New-generation anticoagulants associated with bleeding after ACS in patients on antiplatelet therapy

New-generation anticoagulants are associated with increased bleeding risk when used after acute coronary syndrome (ACS) in patients taking antiplatelet agents, according to a new meta-analysis.

Researchers analyzed data from randomized, placebo-controlled trials that examined anti-Xa or direct thrombin inhibitors in post-ACS patients who were receiving antiplatelet therapy. Stent thrombosis, overall mortality rate and a composite end point including major ischemic events were evaluated as efficacy measures. Thrombolysis in myocardial infarction (MI) bleeding events were the safety end point. The researchers calculated the net clinical benefit of therapy by summing composite ischemic events and major bleeding events.

Results were published online Sept. 24 by Archives of Internal Medicine.

Seven trials published between Jan. 1, 2000 and Dec. 31, 2011 were included in the meta-analysis. The trials involved 31,286 patients who had been admitted to the hospital for unstable angina pectoris, ST-segment elevation MI, or non-ST-segment elevation MI. Patients with severe cardiac, renal or liver insufficiency and those with high bleeding risk were excluded. Follow-up ranged from three months to five years.

Overall, new-generation oral anticoagulants were associated with a significant increase in major bleeding in patients receiving antiplatelet therapy after ACS (odds ratio, 3.03; P<0.001). Risk for stent thrombosis or composite ischemic events was significantly but moderately reduced with the new agents, while no significant effect was seen on overall mortality. The new anticoagulants did not appear to provide an advantage over placebo in net clinical benefit (odds ratio, 0.98; P=0.57).

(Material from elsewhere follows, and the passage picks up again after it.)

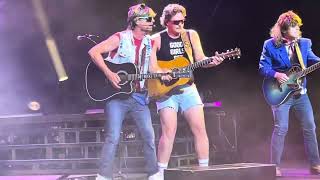 Dierks Bentley (Hot Country Knights)- Sold/Ain’t Going Down (Live)- Bethel Woods, Bethel, NY-8/16/25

The authors noted that some of the included trials had high rates of drug discontinuation or had short follow-up periods. In addition, the trials evaluated different drugs in different dosages and used different definitions of composite outcomes. However, the authors concluded that anti-Xa and direct thrombin inhibitors are linked to increased major bleeding risk in ACS patients receiving antiplatelet therapy, to the point that the net clinical benefit of the drugs is neutral.

“Because the use of new-generation P2Y12 ADP-receptor antagonists may result in greater reductions of ischemic events, with substantially lower risk for bleeding complications, the role of oral anticoagulant agents after an ACS is debatable,” they wrote.

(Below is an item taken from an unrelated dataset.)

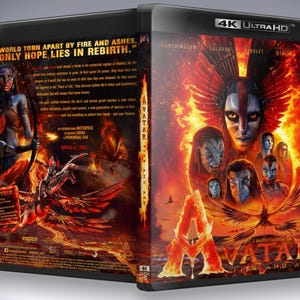 Könnte beinhalten: Eine 4K Ultra HD Blu-ray-Hülle für den Film "Avatar: Fire and Ash". Das Cover zeigt ein feuriges, orange-rotes Design mit Charakterporträts und dem Filmtitel. Die Rückseite der Hülle enthält Text und Charakterbilder.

An invited commentary pointed out that while the relative risk for major bleeding seemed dramatic, the absolute risk increase was 0.9%, 1.3% for novel oral anticoagulants compared with 0.4% for control therapy. However, the absolute risk decreases for the composite ischemic outcome and for MI were −1.3% (6.5% vs. 7.8%) and −0.8% (3.7% vs. 4.5%), respectively, and the absolute risk differences for net clinical benefit and for overall death were each −0.5%.

“The benefit is largely canceled by the harm; therefore, the routine use of [novel anticoagulants] among patients with ACS is unwarranted,” the commentary author wrote. He called for additional research to examine the use of newer anticoagulants in specific populations of patients with ACS.